━━━━━ EXERCISE DATA
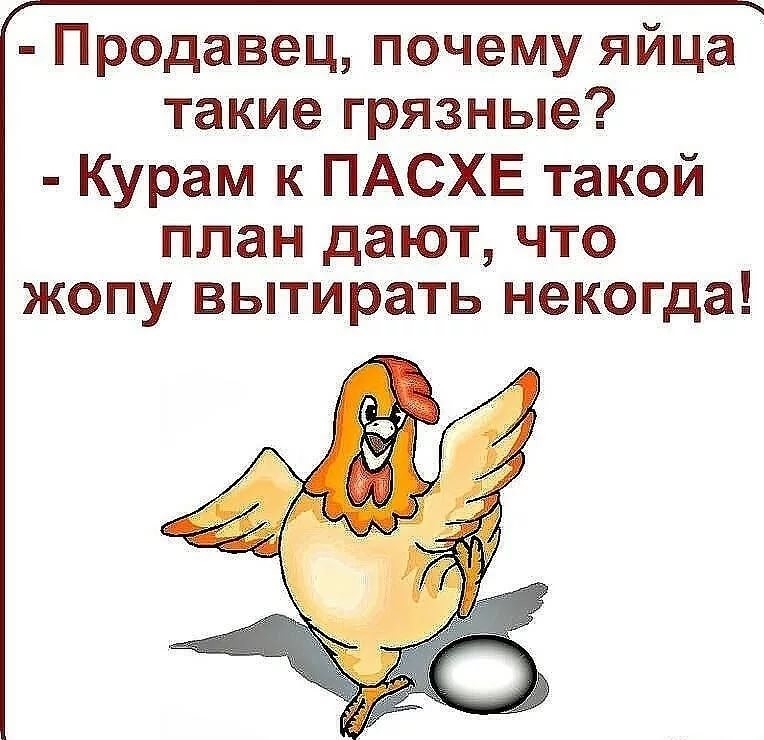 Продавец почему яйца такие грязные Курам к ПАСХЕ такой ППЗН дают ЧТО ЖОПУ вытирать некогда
━━━━━━━━━━
━━━━━ EXERCISE DATA
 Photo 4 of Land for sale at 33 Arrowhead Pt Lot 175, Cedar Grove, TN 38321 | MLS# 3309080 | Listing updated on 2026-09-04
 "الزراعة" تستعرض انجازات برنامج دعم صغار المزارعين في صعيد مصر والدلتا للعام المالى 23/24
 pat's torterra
━━━━━━━━━━
**PROMPT**. Among the lines above, find the one with "Photo 4 of Land" and the one with "pat's torterra". Quote both and everything between them, exactly.

**ANSWER**.
 Photo 4 of Land for sale at 33 Arrowhead Pt Lot 175, Cedar Grove, TN 38321 | MLS# 3309080 | Listing updated on 2026-09-04
 "الزراعة" تستعرض انجازات برنامج دعم صغار المزارعين في صعيد مصر والدلتا للعام المالى 23/24
 pat's torterra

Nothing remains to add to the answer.